A prosperous middle class was a boon to the arts, which enjoyed a period of great vitality during the 1910s. Inspired by European modernists such as Vaslav Nijinsky, Igor Stravinsky, Marc Chagall, Gabriele D’Annunzio, and Walter Adolf Gropius, American painters, photographers, poets, dramatists, writers, and dancers broke free of tradition and experimented with both form and subject. Magazines such as The Masses and The New Republic reflected the radical vision of this generation of artists. In Ethan Frome, the narrator’s ironic recitation of Mattie’s cultural accomplishments illustrates the disdain of the rebels of the 1910s for the tastes of their parents.
C The First World War (1914-1918)
America’s attempts at neutrality became irrelevant as the efforts of American manufacturers to capture world markets drew the United States into the affairs of other nations. U.S. economic interests were particularly strong in Latin America and the Caribbean, exemplified by Bethlehem Steel’s purchase of Chile’s Tofo Iron Mines in 1911, and the completion of the Panama Canal in 1914. The policies of interventionist presidents like Roosevelt and Taft contrasted with those of Woodrow Wilson. But Wilson was not blind to international realities and the need of U.S. industries for open markets. American economic ties were behind U.S. intervention in the Mexican Revolution of 1911 and the landing of U.S. Marines in Honduras, Cuba, and Nicaragua the same year. They were also what ultimately drew the United States into the First World War.
The war created tensions among a nation of immigrants, who in 1911 constituted a quarter of the U.S. population in every area of the country except the south. But the war also spelled opportunities for American bankers and businessmen. In addition, the commitment of millions of men called into service opened the doors to jobs for women and African Americans. Four hundred thousand blacks left the south for jobs in the north, beginning the “Great Migration” that was to affect not only African American life but American culture as a whole. In a move that would also have profound economic repercussions, close to a million American women joined the labor force for the first time. The government became an increasing presence in the lives of Americans, most notably in matters related to economic policy, production decisions, and labor disputes. Government-fostered xenophobia, backed by the Espionage and Sedition Acts of 1917 and 1918, resulted in the abusive treatment of German Americans and of anarchists, communists, and socialists, particularly following the Bolshevik Revolution in Russia in November 1917.

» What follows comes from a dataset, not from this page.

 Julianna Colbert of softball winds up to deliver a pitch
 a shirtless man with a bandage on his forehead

The conclusion of the war brought not the long hoped for serenity but widespread disorder. President Wilson’s design for the League of Nations foundered. Workers and employers were at loggerheads. The Red Scare resulted in the deportation of alien radicals and the expulsion of radical labor organizers from the New York State legislature. Conflicts between returning African American soldiers and other migrant southern workers, and their white counterparts in the North, led to race riots in several major northern cities.